Molecular dynamics (MD) and Monte-Carlo (MC) simulations form the basis for investigating many relevant application scenarios in science and engineering. At the heart of these simulations lie physically meaningful and quantitative models of molecular interactions, requiring precise validation through state of the art ab initio calculations and experimental data. The extreme spatial and temporal resolution (individual
molecules, femtoseconds) of such simulations allow for very reliable predictions of material properties, even where experiments are impossible or dangerous.
However, this extreme resolution also implies substantial computational demands in order to investigate scenarios in a timely manner. The same holds true for nanofluidics: realistic insights, not obtainable experimentally, can be captured through simulation. Complex phenomena as for instance phase transitions (e.g. condensation) can be investigated on the molecular level, allowing new and more fundamental insights. However, as the dynamics of every molecule is evaluated explicitly, the number of simulated molecules needs to be considerable in order to capture the phenomena in question. Determining experimentally elusive properties of matter is attracting increasing attention from industry. Be it in process engineering, where the already highly optimized procedures can only be improved through better and more detailed data and understanding. The computational power required to generate the quantity and quality of data required is significant. Thus, only through the efficient use of cutting-edge hardware can these demands be met. However, many relevant scenarios are far from trivial to simulate at scale, e.g. coinciding fluid and gaseous phases in a highly dynamic environment as in condensation or evaporation.

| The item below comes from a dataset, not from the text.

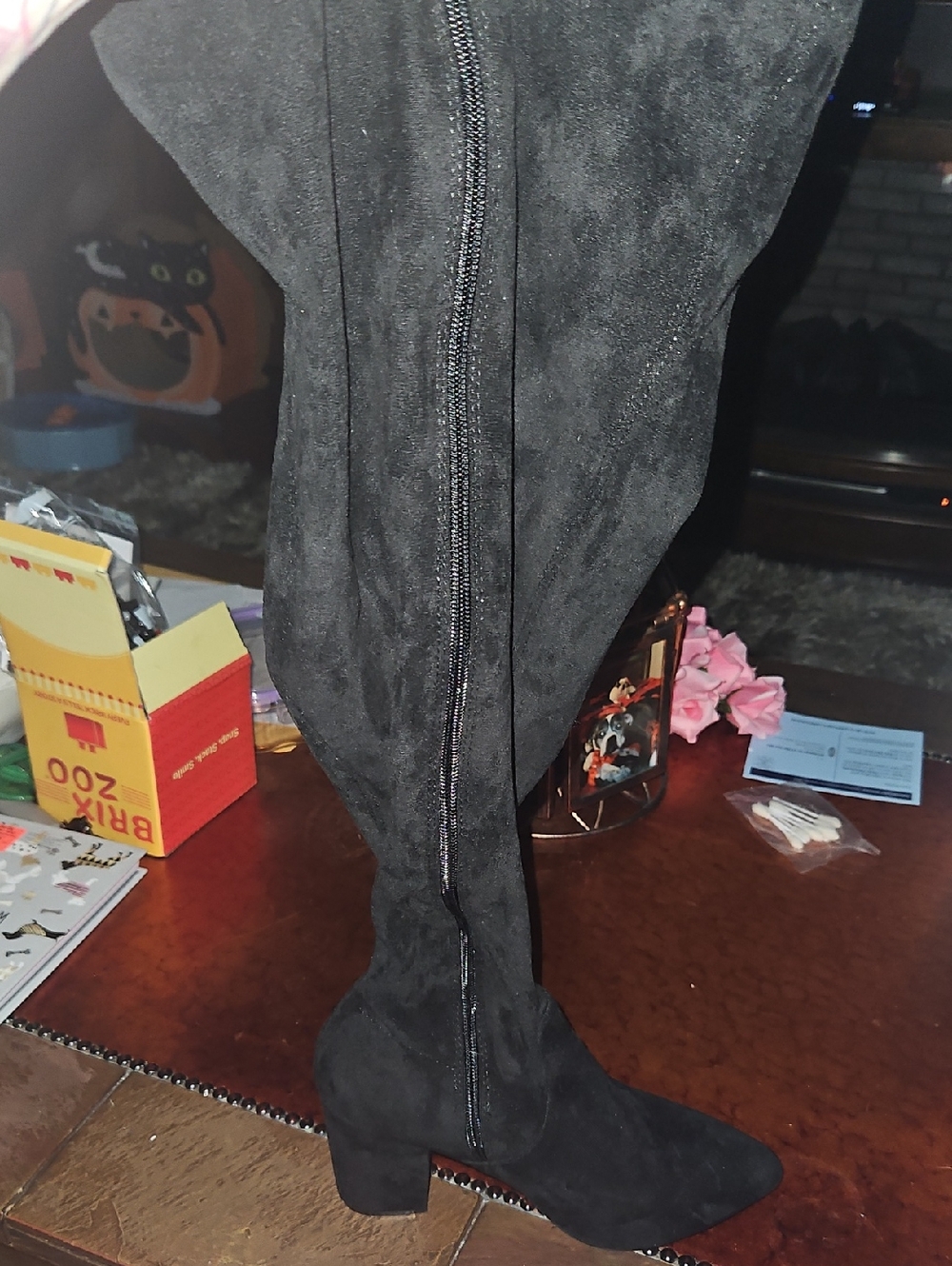 Black Suede Over-the-Knee Block Heel Boots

However, the industrial development of new products and processes will experience a fundamental change in the coming years. Expensive and oftentimes dangerous experiments can be replaced with safe and increasingly efficient and affordable simulations. For this transition to take place, simulations need to be performed with accuracies comparable to highquality experiments. Besides the computational requirements, this calls for extremely accurate molecular models and, for complex scenarios, reliable new methodologies.
The challenges to simulate such scenarios efficiently are huge and will be addressed in SkaSim.

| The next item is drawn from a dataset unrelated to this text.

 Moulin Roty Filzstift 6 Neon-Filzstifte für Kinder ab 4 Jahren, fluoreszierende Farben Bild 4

The interdisciplinary consortium is lead by the High Performance Computing Center Stuttgart (HLRS), and brings together a dozen partners from academia and industry. Molecular modelling and simulation is a key technology for the chemical industry of the future. Having started in July 2013, the BMBF project SkaSim will run for 36 months, carrying the molecular simulation technology forward, thus enabling new products, new processes and opening up new opportunities in science.